# YOUR ASSIGNMENT:
Transcribe the full listing below exactly.

»»

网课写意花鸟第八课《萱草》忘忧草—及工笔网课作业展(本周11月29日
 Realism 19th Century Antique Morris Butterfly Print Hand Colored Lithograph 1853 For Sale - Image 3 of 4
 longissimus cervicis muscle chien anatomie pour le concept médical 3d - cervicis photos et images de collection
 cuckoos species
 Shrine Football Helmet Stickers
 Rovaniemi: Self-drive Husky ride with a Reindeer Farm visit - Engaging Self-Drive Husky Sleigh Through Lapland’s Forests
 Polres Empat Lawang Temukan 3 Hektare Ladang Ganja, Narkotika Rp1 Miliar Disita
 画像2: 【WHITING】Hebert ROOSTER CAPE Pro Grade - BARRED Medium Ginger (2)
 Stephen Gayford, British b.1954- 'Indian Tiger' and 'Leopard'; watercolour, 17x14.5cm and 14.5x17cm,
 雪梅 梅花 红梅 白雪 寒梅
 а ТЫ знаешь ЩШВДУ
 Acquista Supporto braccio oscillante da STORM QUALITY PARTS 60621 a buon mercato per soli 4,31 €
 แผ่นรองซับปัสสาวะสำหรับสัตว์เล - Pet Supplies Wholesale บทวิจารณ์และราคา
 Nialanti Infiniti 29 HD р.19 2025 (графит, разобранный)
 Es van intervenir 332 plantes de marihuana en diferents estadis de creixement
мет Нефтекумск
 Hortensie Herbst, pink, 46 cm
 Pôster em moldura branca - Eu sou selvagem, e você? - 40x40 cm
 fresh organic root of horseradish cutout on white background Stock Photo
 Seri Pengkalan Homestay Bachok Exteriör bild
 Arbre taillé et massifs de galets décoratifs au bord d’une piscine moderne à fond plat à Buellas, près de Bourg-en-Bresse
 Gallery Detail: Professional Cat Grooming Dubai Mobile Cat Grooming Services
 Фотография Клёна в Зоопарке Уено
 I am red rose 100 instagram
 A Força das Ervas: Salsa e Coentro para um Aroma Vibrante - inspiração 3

««

# RESULT FOR THIS EXERCISE:
网课写意花鸟第八课《萱草》忘忧草—及工笔网课作业展(本周11月29日
 Realism 19th Century Antique Morris Butterfly Print Hand Colored Lithograph 1853 For Sale - Image 3 of 4
 longissimus cervicis muscle chien anatomie pour le concept médical 3d - cervicis photos et images de collection
 cuckoos species
 Shrine Football Helmet Stickers
 Rovaniemi: Self-drive Husky ride with a Reindeer Farm visit - Engaging Self-Drive Husky Sleigh Through Lapland’s Forests
 Polres Empat Lawang Temukan 3 Hektare Ladang Ganja, Narkotika Rp1 Miliar Disita
 画像2: 【WHITING】Hebert ROOSTER CAPE Pro Grade - BARRED Medium Ginger (2)
 Stephen Gayford, British b.1954- 'Indian Tiger' and 'Leopard'; watercolour, 17x14.5cm and 14.5x17cm,
 雪梅 梅花 红梅 白雪 寒梅
 а ТЫ знаешь ЩШВДУ
 Acquista Supporto braccio oscillante da STORM QUALITY PARTS 60621 a buon mercato per soli 4,31 €
 แผ่นรองซับปัสสาวะสำหรับสัตว์เล - Pet Supplies Wholesale บทวิจารณ์และราคา
 Nialanti Infiniti 29 HD р.19 2025 (графит, разобранный)
 Es van intervenir 332 plantes de marihuana en diferents estadis de creixement
мет Нефтекумск
 Hortensie Herbst, pink, 46 cm
 Pôster em moldura branca - Eu sou selvagem, e você? - 40x40 cm
 fresh organic root of horseradish cutout on white background Stock Photo
 Seri Pengkalan Homestay Bachok Exteriör bild
 Arbre taillé et massifs de galets décoratifs au bord d’une piscine moderne à fond plat à Buellas, près de Bourg-en-Bresse
 Gallery Detail: Professional Cat Grooming Dubai Mobile Cat Grooming Services
 Фотография Клёна в Зоопарке Уено
 I am red rose 100 instagram
 A Força das Ervas: Salsa e Coentro para um Aroma Vibrante - inspiração 3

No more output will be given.